Di menit 110, Zidane beralih rupa menjadi banteng yang mengamuk. Ia menghantam Materazzi, menjatuhkannya dengan sekali tandukan ke arah dada. Tanpa jabat tangan, Zidane melengos dan membiarkan Materazzi mengerang menanggung akibat.
Dalam wawancara seusai laga, Zidane menjelaskan bahwa Materazzi menghina ibu dan saudara perempuannya di menit itu. Zidane, anak imigran Aljazair itu, sudah terbiasa untuk bertahan dan melawan sejak kanak.
Wasit berang dan melemparkan Zidane ke liang cemooh panjang.
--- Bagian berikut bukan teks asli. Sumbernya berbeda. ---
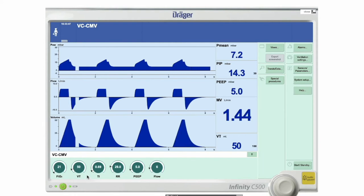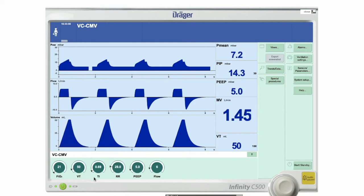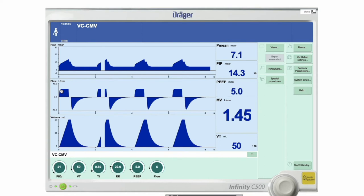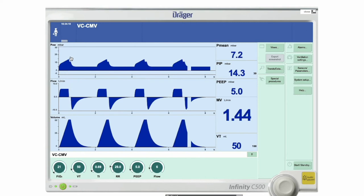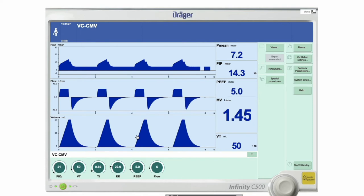The tidal volume is very important — it is married to the inspiratory time and the flow, so those three are related; change one and it impacts the others. This is a classical volume curve, because the flow-time scalar has a nice flat top — the hallmark of continuous flow. After the set volume of 50 mls is delivered, flow is stopped, producing the plateau pressure.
Seharusnya Zidane menerima tepuk tangan dan meninggalkan stadion di akhir laga, lewat pintu gerbang utama. Namun, Zidane keluar dari lapangan saat pertandingan masih berlangsung. Ia berjalan menuju lorong kamar ganti sendirian, enggan melirik kepada trofi juara yang sudah dipajang sejak awal laga.

Sudah 120 menit kedua tim berlarian di lapangan, skor tak juga berubah. Apa boleh buat, pertandingan harus berlanjut ke adu penalti. Di babak penentuan ini, Pirlo kembali menuntaskan tugasnya sebagai eksekutor pertama Italia dengan piawai.
Keberhasilannya membobol gawang kembali menjadi anggur yang menenangkan. Lewat golnya itu Pirlo ingin berkata, hanya karena mereka tak bisa mencetak lebih dari satu gol di sepanjang laga, bukan berarti mereka tak bisa mencetak gol di adu penalti.
Italia benar-benar berhasil menghancurkan Barthez. Lima eksekutor mereka berhasil melaksanakan tugasnya dengan sempurna. Malahan, David Trezeguet yang menjadi pesakitan karena sepakan penaltinya membentur mistar gawang yang dikawal Buffon.
Apa boleh bikin, catenaccio tak cuma melahirkan pertandingan yang membosankan, tapi juga trofi Piala Dunia keempat untuk Italia. Pada akhirnya, Azzurri mengangkat cawan anggurnya tinggi-tinggi, lalu meninggalkan Jerman dengan perut yang kenyang gelar.